COLLECTED MATERIAL =
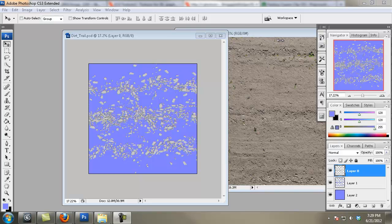Here we are in Photoshop with our ambient occlusion and normal matte bakes. In my layers panel I have three layers: my ambient occlusion bake with my alpha cut out of it, my normals bake with my alpha cut out of it, and then just a flat 128, 128, 255 purple to go behind my normals.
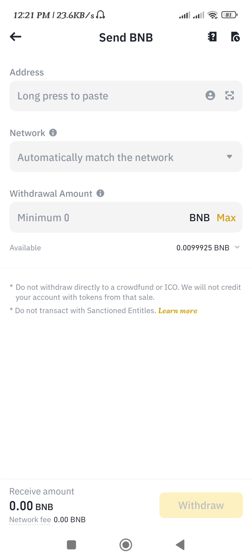This way you will be able to easily send BNB to Coinbase Wallet. I hope this video was helpful — if it was, don't forget to like the video and subscribe to the channel. Thank you so much for watching.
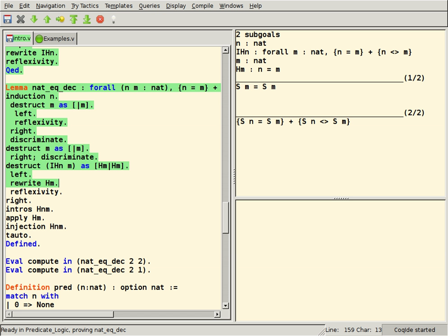Metamath, a language for developing strictly formalized mathematical definitions and proofs accompanied by a proof checker for this language and a growing database of thousands of proved theorems.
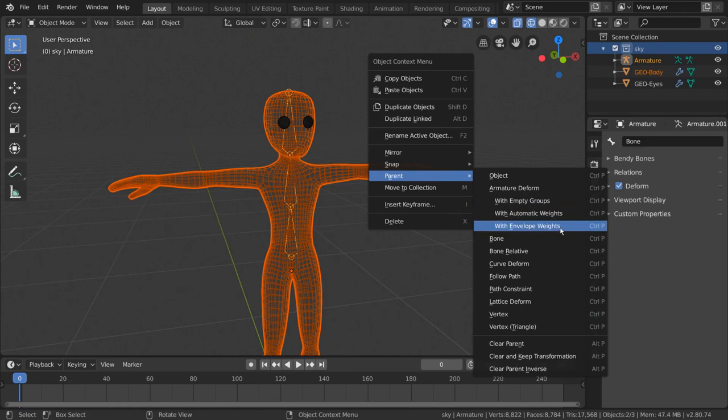Now obviously this rig is incomplete, and if you want to learn how to rig the entire character, you can head over to our character rigging video. But I hope this gave you a good idea of how armature objects work, and how to edit them.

YOUR GOAL =
Copy only this, please: the line with "Metamath, a language" and every line after it through the end of the data, with no pictures.

SOLVED EXERCISE =
Metamath, a language for developing strictly formalized mathematical definitions and proofs accompanied by a proof checker for this language and a growing database of thousands of proved theorems.
Now obviously this rig is incomplete, and if you want to learn how to rig the entire character, you can head over to our character rigging video. But I hope this gave you a good idea of how armature objects work, and how to edit them.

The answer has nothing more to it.